Depuis plusieurs années, le spectre d’un changement fiscal plane sur les créateurs d’entreprise et investisseurs étrangers aux États-Unis. Et en 2026, ce ne sont plus des hypothèses : la fiscalité sur les sociétés évolue concrètement, redéfinissant les règles du jeu. Pour ceux qui veulent lancer ou développer une structure aux USA, c’est le moment de comprendre les vrais enjeux — ce n’est pas une réforme cosmétique, mais une refonte qui secoue autant les LLC de freelance que les C-Corps de la tech. Derrière les taux d’imposition, il y a des arbitrages très clairs à faire sur le choix de l’État, la structuration juridique, la gestion de la profitabilité et les flux avec la France. Si l’administration américaine a gardé sa volonté de prévisibilité, la barre remonte : le “prix” d’accès au marché US change de visage. Ce dossier fait le tri entre idées reçues, promesses des “gurus” et vraies implications. Place aux chiffres, à la méthode et aux écueils à éviter.
En bref :
- Le taux d’impôt fédéral sur les sociétés US remonte à 28 % en 2026, impactant aussi bien les nouveaux créateurs que les structures déjà en place.

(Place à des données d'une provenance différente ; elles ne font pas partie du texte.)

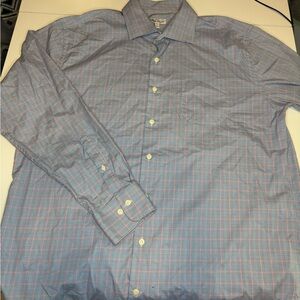 Peter Millar Blue White and Salmon Plaid Dress Shirt Size XL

- Des différences majeures persistent selon l’État d’implantation : Delaware, Nevada, Floride… chaque territoire reste un monde fiscal à part entière.
- La distinction entre LLC (imposition sur les bénéfices) et Corporation (“C-Corp”, double taxation potentielle) devient encore plus stratégique.

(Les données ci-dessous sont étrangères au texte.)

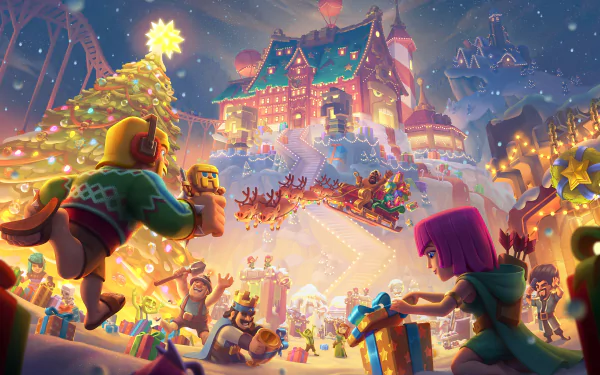 HD PC desktop wallpaper featuring a festive Clash of Clans scene with characters celebrating Christmas in a snowy village illuminated by holiday lights.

- Pas de paradis fiscal outre-Atlantique : IRS et conventions internationales scrutent les flux entre la France et les USA — prudence sur la résidence fiscale et la distribution des dividendes.

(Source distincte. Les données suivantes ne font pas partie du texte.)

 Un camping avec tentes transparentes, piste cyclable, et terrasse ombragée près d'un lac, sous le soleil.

- Le choix du montage, des partenaires bancaires et du modèle économique se planifie dès la création, pour éviter de découvrir les mauvaises surprises après facturation.
- Analyse d’un cas concret, tableau comparatif des taux selon États et structure, FAQ claire pour anticiper et piloter en 2026.
Taux d’impôt sur les sociétés aux États-Unis en 2026 : le vrai bilan
Il faut tordre le cou à une légende : non, les États-Unis ne sont pas devenus un eldorado fiscal pour les sociétés du monde entier. Certes, entre 2018 et 2025, la baisse du taux fédéral à 21 % avait créé un appel d’air pour les entrepreneurs francophones. Mais en 2026, le scénario change : le Congrès a acté une remontée du taux effectif à 28 %. Ce taux concerne toutes les C-Corporations, la structure “standard” pour lever des fonds, se développer en SaaS ou en e-commerce, ou simplement protéger son patrimoine.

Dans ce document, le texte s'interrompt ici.